08-1014  IN THE MATTER OF THE EXPUNCTION OF E.R.W.; from Pecos County; 8th district
(
08-07-00067-CV, ___ SW3d ___, 10-23-08)
The
right to expunction is a statutory privilege. In re Expunction of C.V., 214 S.W.3d 43, 44 (Tex.App.--El Paso 2006,
no pet.). The statute gives people the opportunity to have all records of an arrest expunged provided certain
requirements are met. Id.; Tex.Code Crim.Proc.Ann. art. 55.01 (Vernon 2006). All provisions in a statutory cause of
action are mandatory and exclusive and all conditions must be met before a person is entitled to expunction. In re C.

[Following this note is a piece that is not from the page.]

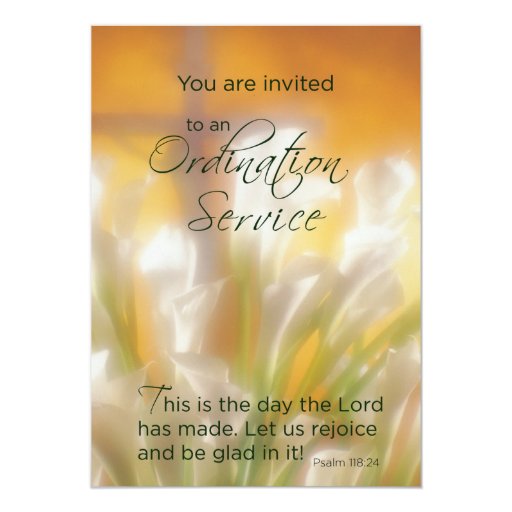 Ordination Service Invitation with Lilies and Cros | Zazzle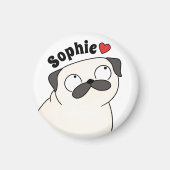 Personalisierter Pug-Magnet, benutzerdefinierter N Magnet (Vorne)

V., 214 S.W.3d at 44. A statutory expunction proceeding is civil rather than criminal in nature, and the petitioner
bears the burden of proving compliance with the statute. Id. Article 55.01 provides, in pertinent part:
(a) A person who has been placed under a custodial or noncustodial arrest for commission of either a felony or
misdemeanor is entitled to have all records and files relating to the arrest expunged if:
. . .
(2) each of the following conditions exist:
(A) an indictment or information charging the person with commission of a felony has not been presented against the
person for an offense arising out of the transaction for which the person was arrested or, if an indictment or
information charging the person with commission of a felony was presented, the indictment or information has been
dismissed or quashed, and:
(i) the limitations period expired before the date on which a petition for expunction was filed under Article 55.02; or
(ii) the court finds that the indictment or information was dismissed or quashed because the presentment had been
made because of mistake, false information, or other similar reason indicating absence of probable cause at the time
of the dismissal to believe the person committed the offense or because it was void;
(B) the person has been released and the charge, if any, has not resulted in a final conviction and is no longer
pending and there was no court ordered community supervision under Article 42.12 for any offense other than a
Class C misdemeanor; and
(C) the person has not been convicted of a felony in the five years preceding the date of the arrest.
Tex.Code Crim.Proc.Ann. art. 55.01(a)(2).